Dr Gorden Moyo, director of the Public Policy and Research Institute of Zimbabwe said South Africa might not want to risk US sanctions by adopting a radical approach to its land reform.
“It is important that the land question is answered,” he said.

“(However), there is a need for internal dialogue which I think South Africa is not having. I am aware of the frustration of the landless. They want quick answers but the government must engage labour, farmers and other stakeholders. In satisfying the demand for land there must be order.”
Mr Trump, Dr Moyo added, must encourage dialogue as well.
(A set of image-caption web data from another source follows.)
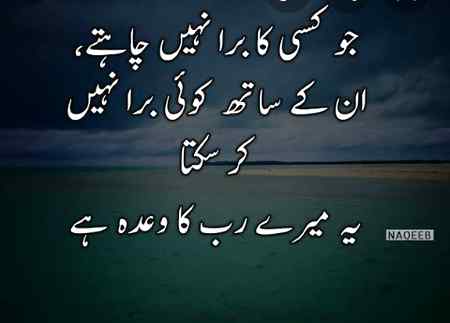 Good night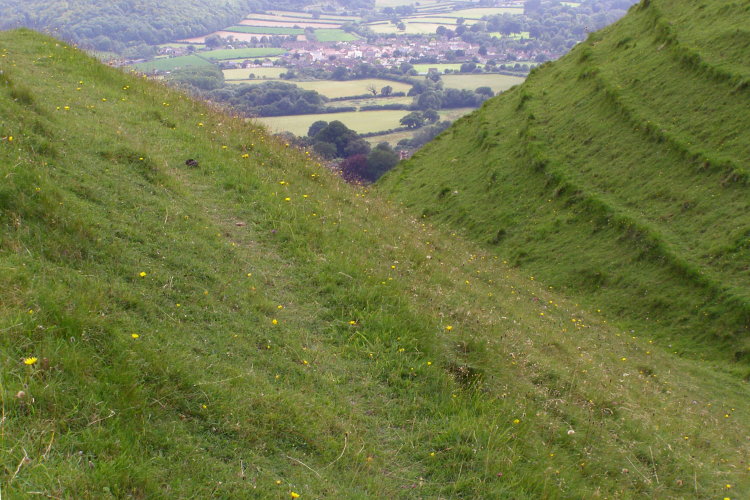 Hambledon Hill hillfort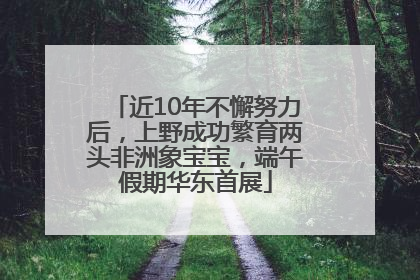 近10年不懈努力后，上野成功繁育两头非洲象宝宝，端午假期华东首展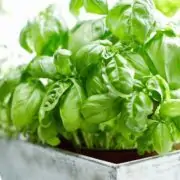 basil plant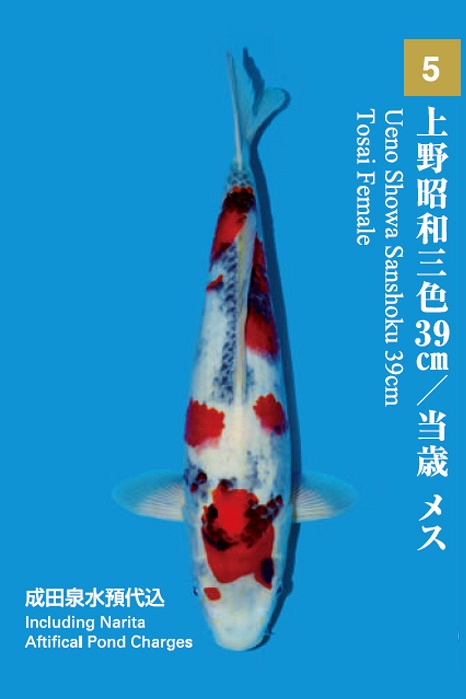 Showa SH-NA17-55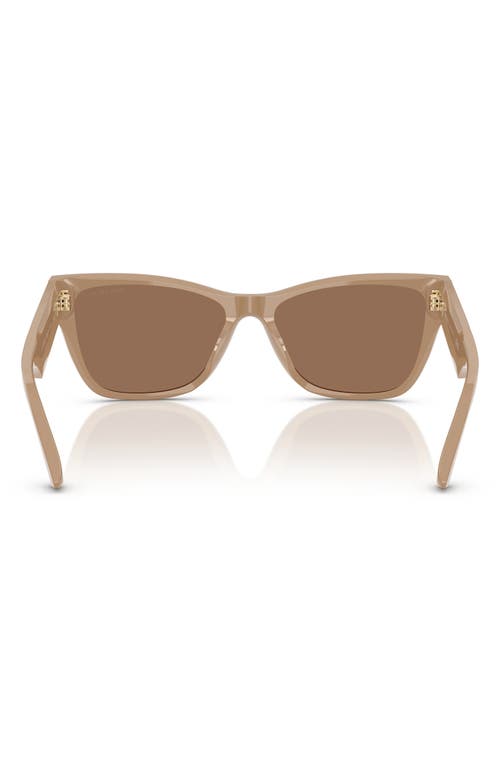 Jimmy Choo 55mm Pillow Sunglasses In Brown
Zimbabwe’s revolutionary land reform programme attracted Western sanctions which caused a wide range of adverse impacts on the economy. Foreign direct investment dried up, credit lines were cut off and the number of locals considered poor rose from 54,2 percent to 60,7 percent following the imposition of the punitive measures.

Donald Trump

A government study carried out in 2019 established that the economy lost up to $42 billion in potential revenue due to the punitive measures.
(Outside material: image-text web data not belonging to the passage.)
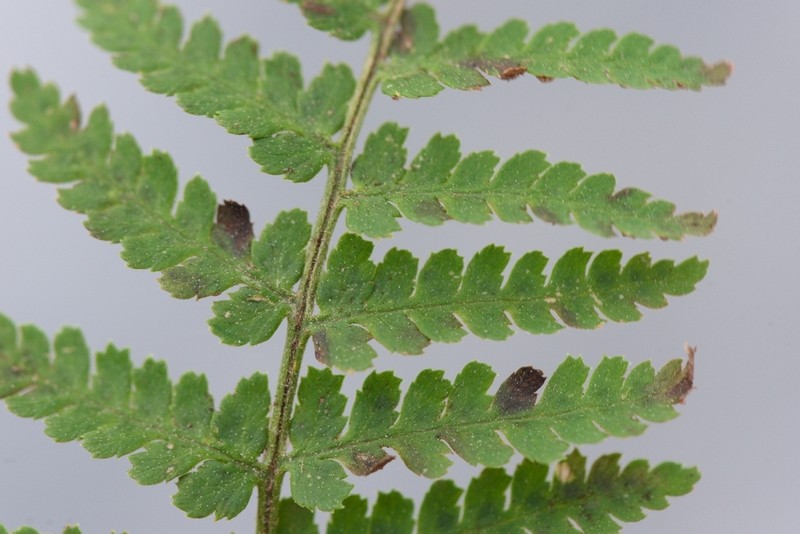 Dryopteris mindshelkensis photo 2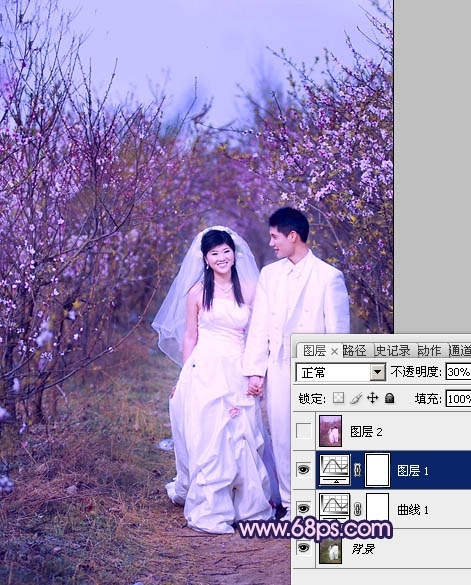 Photoshop调出桃林婚片艳丽的紫红色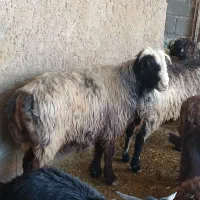 قوچ داشتی اتیقه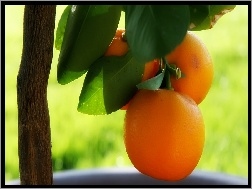Pomarańcze, Drzewko, Pomarańczowe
Prof Rukuni, also an agricultural economics lecturer at the University of Zimbabwe, urged the ANC to reform its land ownership system in line with a number of commitments it has made over the past 31 years of majority rule including a resolution for compulsory acquisition which the party adopted at its 2017 national conference which he attended.

As the country forges ahead, he added, it is also important for it to note that “Zimbabwe did not end up implementing compulsory land acquisition without compensation because that was premeditated. The situation gets you there. Zimbabwe had no choice. I told them that as long as the economy has not progressed to mass-lift the majority out of challenges, you will end up there.”